The provider of this service changed - see old profile


Inspection carried out on 10 February 2021

During an inspection looking at part of the service

Roxburgh House (West Midlands) is a residential home that is registered to provide care and accommodation for a maximum of 44 people who do not require nursing care. The home has a mix of residents, some with dementia. At the time of the inspection 42 people were living at the service.

We found the following examples of good practice.

The provider was following best practice guidelines in ensuring visitors to the home did not introduce or spread COVID-19. Due to a recent outbreak, visitors were not allowed to enter the home unless this was due to exceptional circumstances. In these cases, a Covid lateral flow test was carried out and visitors had to wear full personal protective equipment (PPE).

As families and visitors were not allowed to enter the home under the current Covid restrictions, staff did video calls with the residents and their families and monthly newsletters were sent out to keep family updated about life at the home.

Staff were adhering to Personal Protective Equipment (PPE) guidelines and extra PPE locations had been set up near to residents' rooms.

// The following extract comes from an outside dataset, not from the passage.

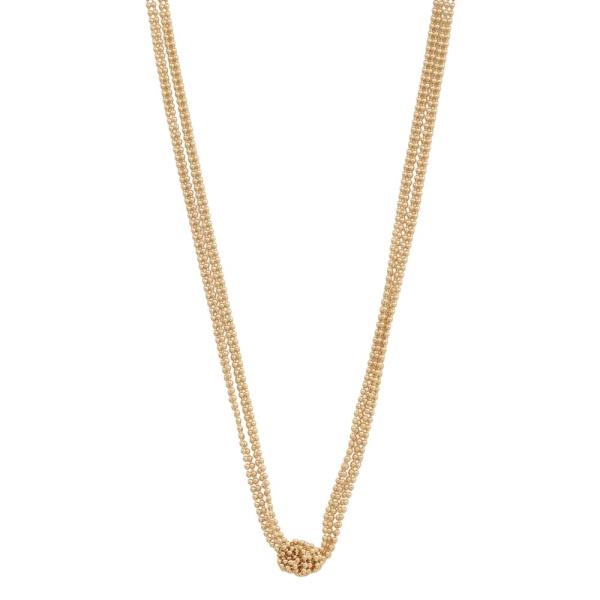 METAL MULTI CHAIN KNOT PENDANT NECKLACE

Where social distancing could not be maintained, staff took extra precautions through the use of PPE and handwashing to minimise the spread of infection.

The provider had ensured that all staff had received a personal COVID-19 risk assessment and conversations about their wellbeing were held regularly . Regular communication was held with staff to ensure they were kept up to date with the latest changes.

Inspection carried out on 19 February 2019

During a routine inspection

About the service:

Roxburgh House (West Midlands) is a residential home that is registered to provide care and accommodation for a maximum of 44 people who do not require nursing care. People using the service are older people and younger adults, some with Dementia. 40 People were using the service at the time of the inspection.

People’s experience of using this service:

People were supported by staff to remain safe. There were enough staff available to people and people’s needs were attended to in a timely manner. Risk assessments were in place to minimise any potential risk to people’s wellbeing. Staff were recruited in a safe way. People received their medicines as expected.

People felt that staff assisting them knew their needs. Staff received regular supervision and training and had been provided with an induction. Meals were nutritious and people were kept hydrated. People were supported to maintain their health.

People were supported to have choice and control over their lives and staff understood that they should support them in the least restrictive way possible; the policies and systems in the service supported this practice.

People's care plans reflected their needs and preferences and staff could explain specific care that people required. Complaints were dealt with appropriately in line with the complaints procedure. People participated in activities that were tailored to their needs. End of life plans were in place and acknowledged by staff.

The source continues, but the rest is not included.